だが、比較的軽度の患者を受け入れる「二次救急」の医療機関は過去10年増えていない。体制に差もあり、なかには年間受け入れ数がゼロという医療機関もある。対応力の底上げが必須の課題となっている。
一方で、在宅医療は広がり、自宅で療養する患者が増えている。患者のSOSに24時間365日対応する「在宅療養支援診療所」も増えているが、その質には差がある。「患者から深夜に連絡を受けて、『救急車で病院に行ってください』という医師もいる」(都内の開業医)との声も聞かれる。
横浜市のある訪問看護師は「困るのは発熱時など。医師が対応できないと、冷やすしか手段がない。病院に行くために自家用車や介護タクシーでなく、救急車を呼んでしまう家族や看護師もいると思う。高齢者の発熱は当然予測される。事前に頓服の解熱剤を処方してもらうこともある」と、瀬戸際のやりくりで救急搬送を避ける。
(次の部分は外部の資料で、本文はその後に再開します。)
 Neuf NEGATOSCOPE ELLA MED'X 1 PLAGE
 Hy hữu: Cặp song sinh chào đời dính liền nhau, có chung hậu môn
ゆるやかに看取りに向かうなかでも、病院を頼ることはもちろんある。この訪問看護師は「すべて家で看取れるわけではないし、在宅患者の入退院は当然ある。在宅医療を始めるときに、どんな状態のときに、どこに、どう運ぶか、医療職と介護職が家族を交えて、事前に情報共有をしておくことが必要。特に、在宅患者の受け皿になることが多い病院は、情報共有に加わってほしい」と話している。